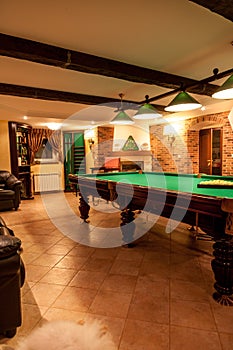 Shot of billiard club room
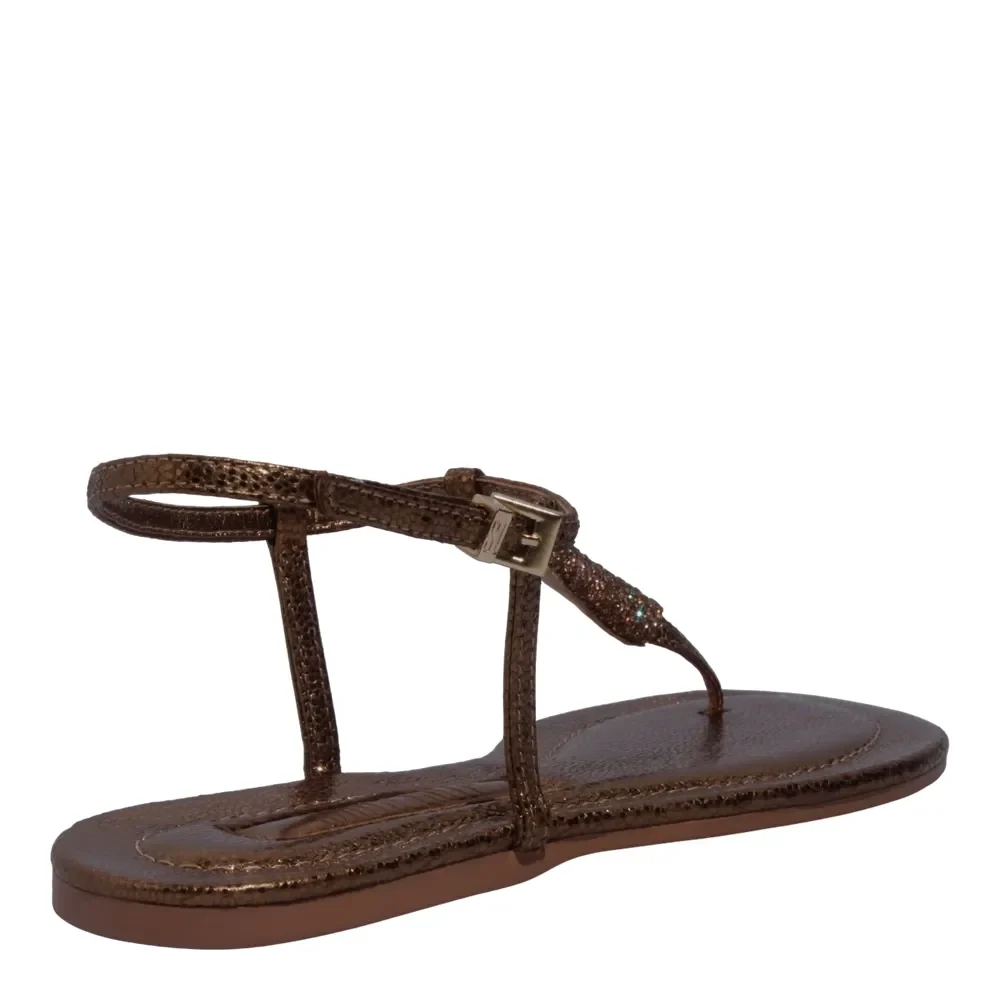 Rasteira Metalizada Bronze Tecido Splendore Strass Brilho - vista 3 de 5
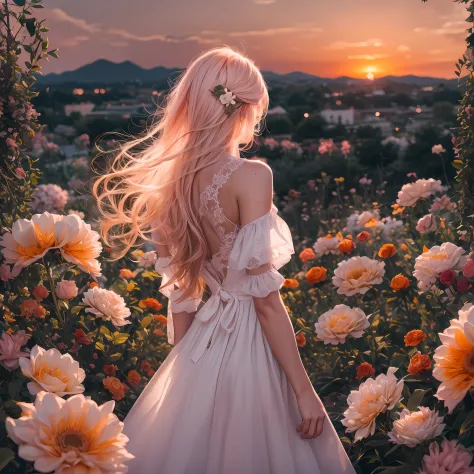 white dress, sunset, among the flowers, woman, flower garden, looking at viewers, from behind, pink hair, long hair, medium shot...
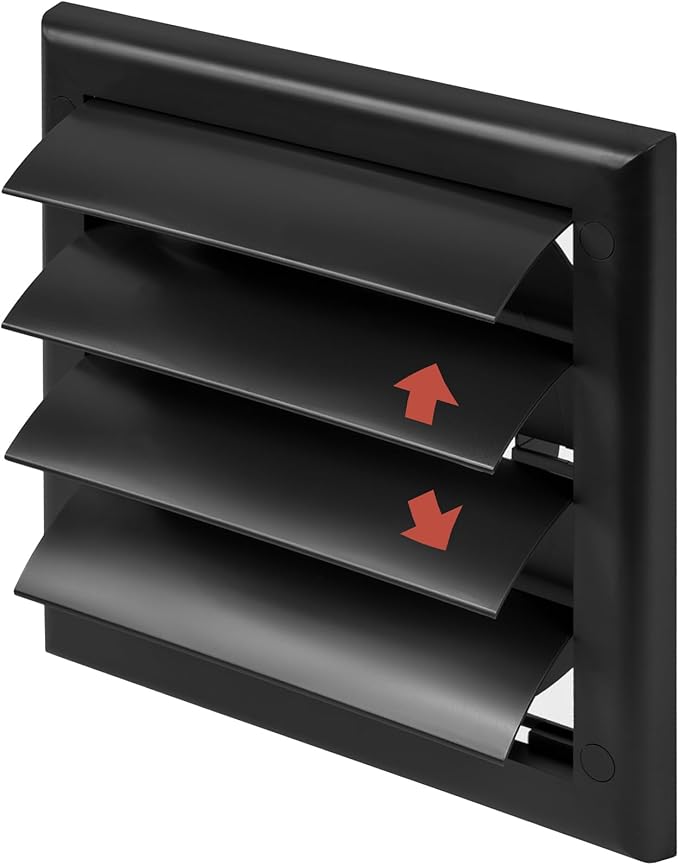 Plastic 4" Black Dryer Vent Cover with Flange - Exhaust Ventilation Grille with Shutters - Louvered Air Vent for Bathroom, Kitchen, Garage Various Ventilation Systems Ø3.9" / 7.5" x 7.5"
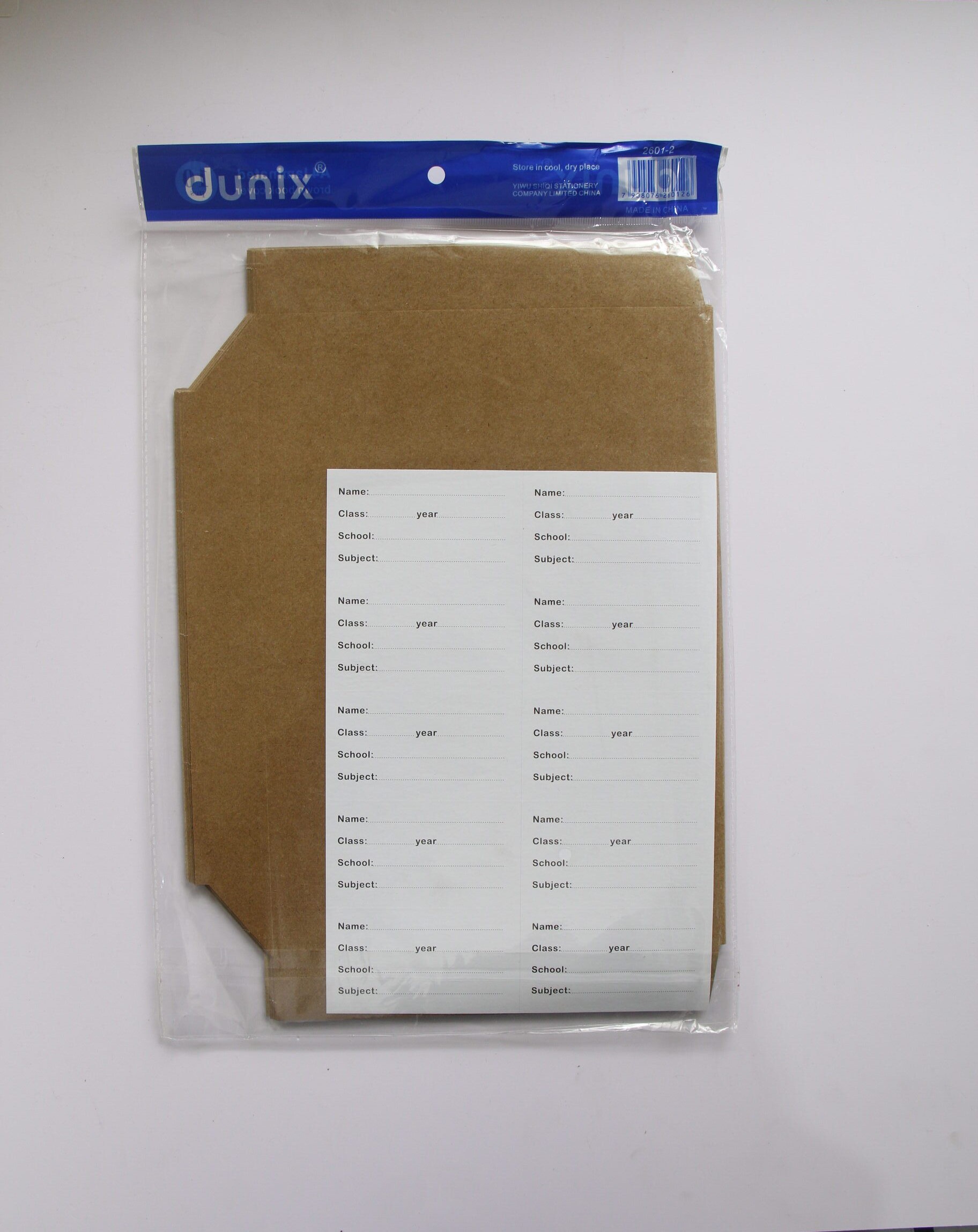 Dunix Brown Laminated Document Book Cover - A4 & A5 Waterproof Covers with Name Label for School & Office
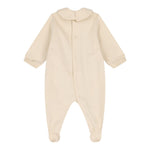 Moschino Tutina Manica Lunga tinta unita con Logo Beige per Neonato MUY08JXX BEIGE MOSCHINO 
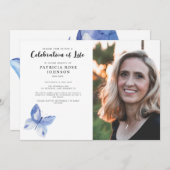 蝶の葬儀お祝いの人生の写真 招待状 (正面/裏面)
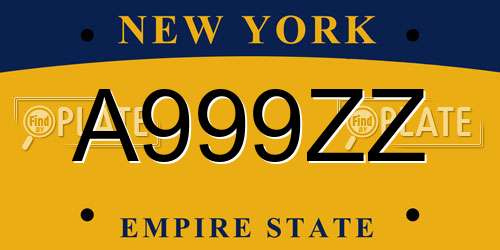 A999ZZ New York License Plate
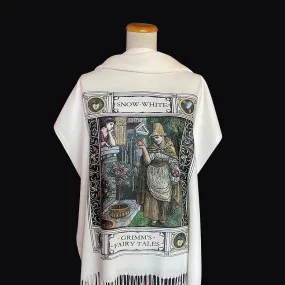 Snow White Scarf Shawl Wrap. Book scarf, Literary scarf, Classic Literature, Brothers Grimm fairy tale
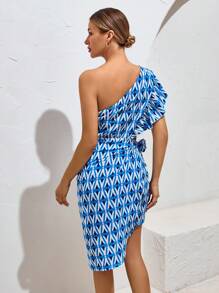 SHEIN VCAY Allover Print One Shoulder Dress - Multicolor - View 2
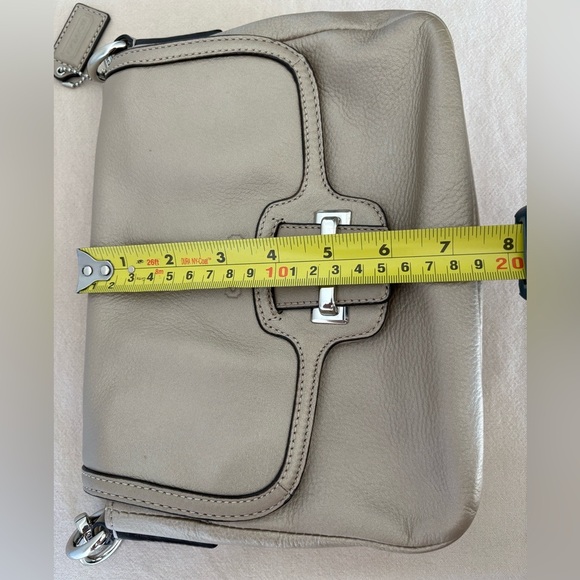 Coach Metallic Beige Leather Taylor Flap Bag - Picture 9 of 13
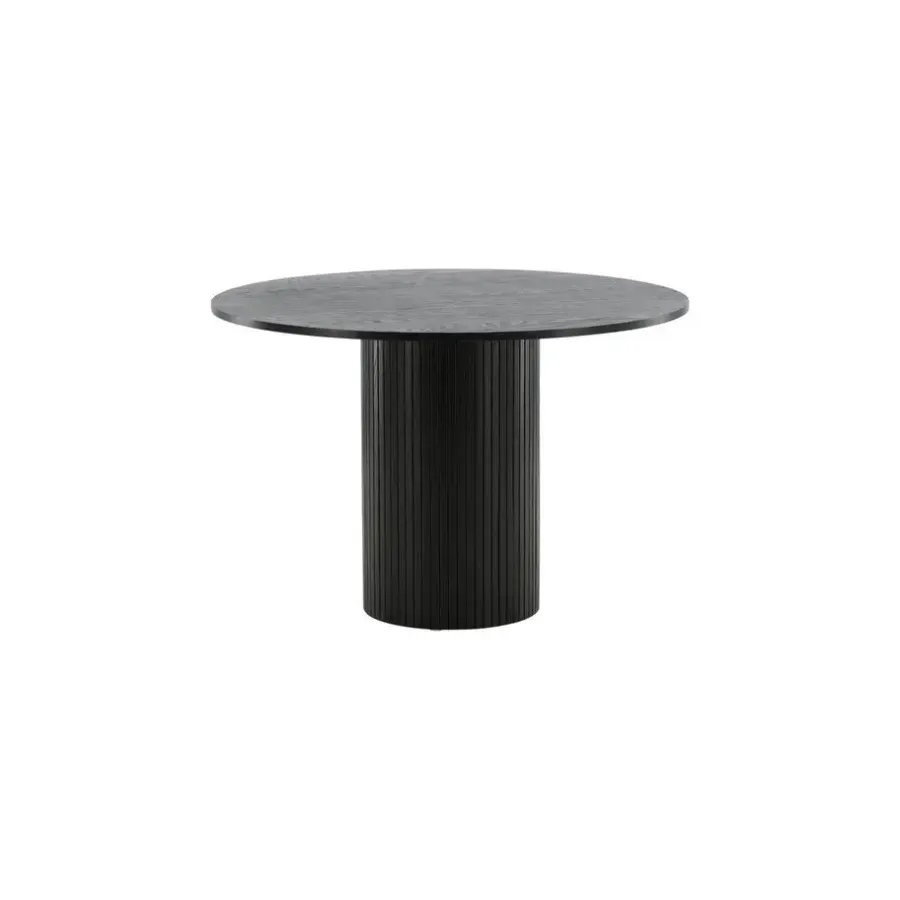 Ronde Eettafels-Fjôrd Eettafel Rond Zwart 110cm - Fineer - Scandinavisch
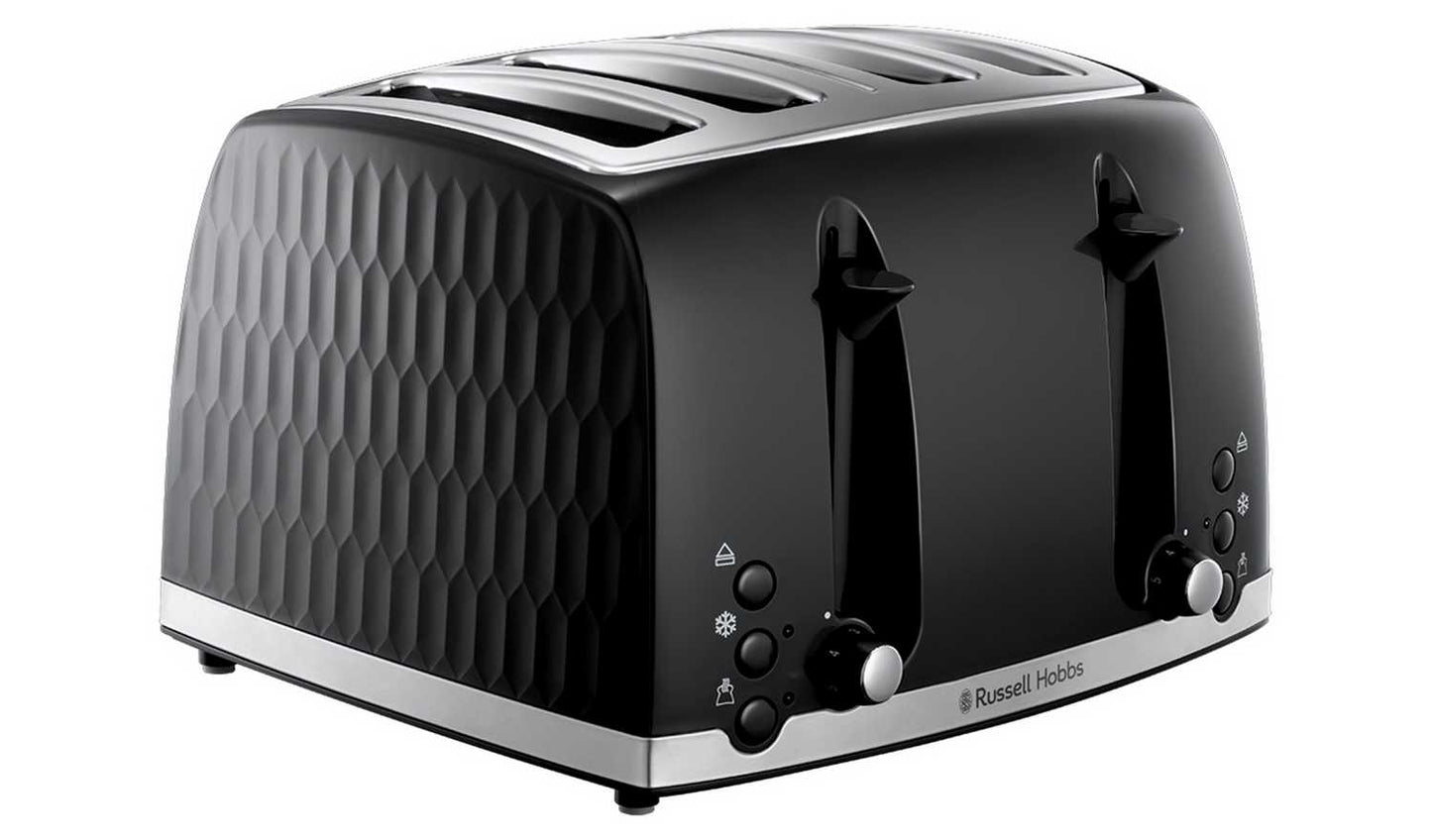 Russell Hobbs 26071 Honeycomb 4 Slice Toaster - Black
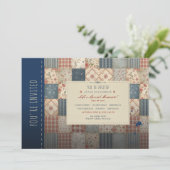 Oude Patchwork Dekbed Uitnodiging voor Iedere Gele (Staand voorkant)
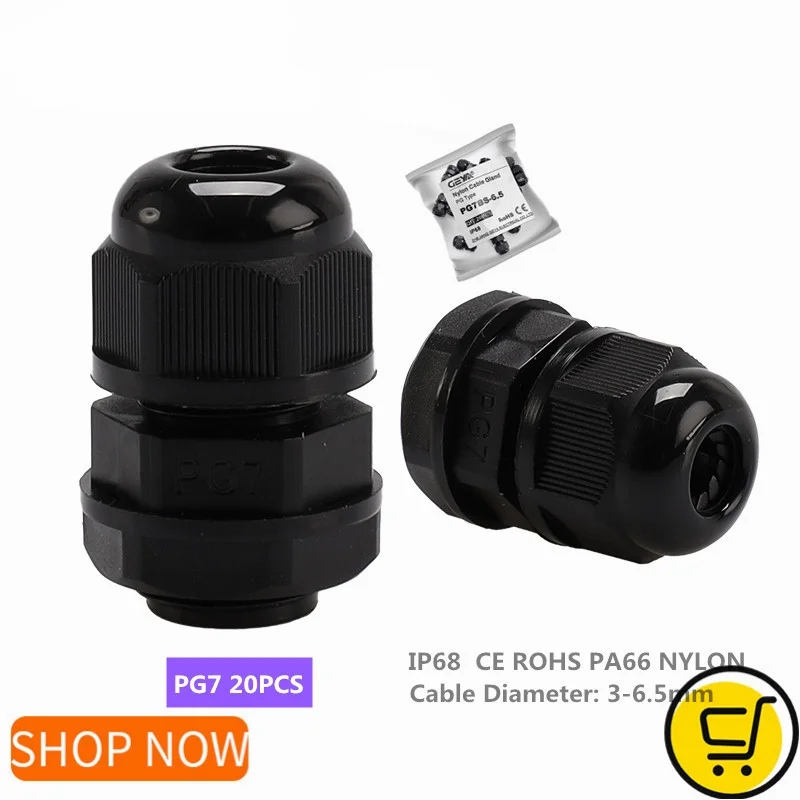 GEYA IP68 Cable Gland PG7 20PCS for 3-6.5mm PG9 PG11 PG13.5 PG16 PG21 Wire Cable Waterproof Nylon Plastic Gland Connector electrical connector,cable gland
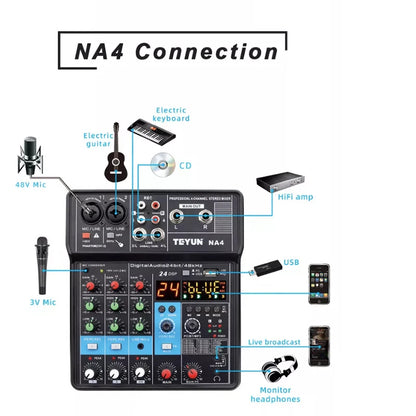 TEYUN 4-Channel Professional Portable Sound Mixer Console Computer Input 48v Power Model Number Certification Origin Mixing NA4 Leedoar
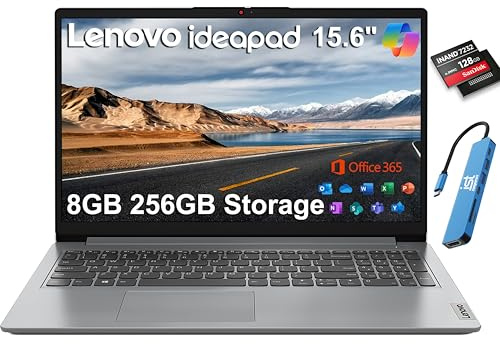 Lenovo IdeaPad Laptop Computer, 15.6 Anti-Glare, 8GB RAM, 256GB (128GB SSD +128GB eMMC), 1-Year Office 365, Intel Core CPU, for Student, Home, Work, Numeric Keypad, Wi-Fi 6, IST HUB, Win 11 Home S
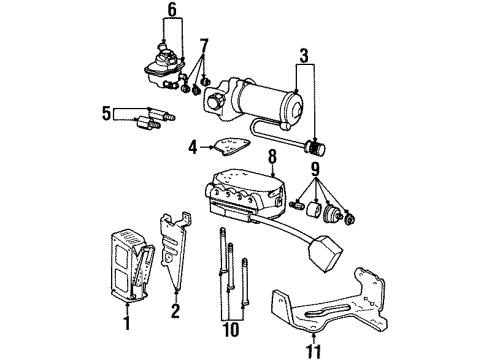 1992 Lincoln Town Car Anti-Lock Brakes Front Speed Sensor Diagram for FOVY-2C204-AA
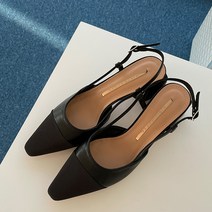 파이 여성용 앞코 배색 금장굽 슬링백 펌프스 4.5cm MT_5008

_ _ _ _ _ _ _

*Problem details*: The answer should contain all the material above, copied exactly, and no images.

*Exercise answer*:
 Shot of billiard club room
 Rasteira Metalizada Bronze Tecido Splendore Strass Brilho - vista 3 de 5
 white dress, sunset, among the flowers, woman, flower garden, looking at viewers, from behind, pink hair, long hair, medium shot...
 Plastic 4" Black Dryer Vent Cover with Flange - Exhaust Ventilation Grille with Shutters - Louvered Air Vent for Bathroom, Kitchen, Garage Various Ventilation Systems Ø3.9" / 7.5" x 7.5"
 Dunix Brown Laminated Document Book Cover - A4 & A5 Waterproof Covers with Name Label for School & Office
 Moschino Tutina Manica Lunga tinta unita con Logo Beige per Neonato MUY08JXX BEIGE MOSCHINO 
 蝶の葬儀お祝いの人生の写真 招待状 (正面/裏面)
 A999ZZ New York License Plate
 Snow White Scarf Shawl Wrap. Book scarf, Literary scarf, Classic Literature, Brothers Grimm fairy tale
 SHEIN VCAY Allover Print One Shoulder Dress - Multicolor - View 2
 Coach Metallic Beige Leather Taylor Flap Bag - Picture 9 of 13
 Ronde Eettafels-Fjôrd Eettafel Rond Zwart 110cm - Fineer - Scandinavisch
 Russell Hobbs 26071 Honeycomb 4 Slice Toaster - Black
 Oude Patchwork Dekbed Uitnodiging voor Iedere Gele (Staand voorkant)
 GEYA IP68 Cable Gland PG7 20PCS for 3-6.5mm PG9 PG11 PG13.5 PG16 PG21 Wire Cable Waterproof Nylon Plastic Gland Connector electrical connector,cable gland
 TEYUN 4-Channel Professional Portable Sound Mixer Console Computer Input 48v Power Model Number Certification Origin Mixing NA4 Leedoar
 Lenovo IdeaPad Laptop Computer, 15.6 Anti-Glare, 8GB RAM, 256GB (128GB SSD +128GB eMMC), 1-Year Office 365, Intel Core CPU, for Student, Home, Work, Numeric Keypad, Wi-Fi 6, IST HUB, Win 11 Home S
 1992 Lincoln Town Car Anti-Lock Brakes Front Speed Sensor Diagram for FOVY-2C204-AA
 파이 여성용 앞코 배색 금장굽 슬링백 펌프스 4.5cm MT_5008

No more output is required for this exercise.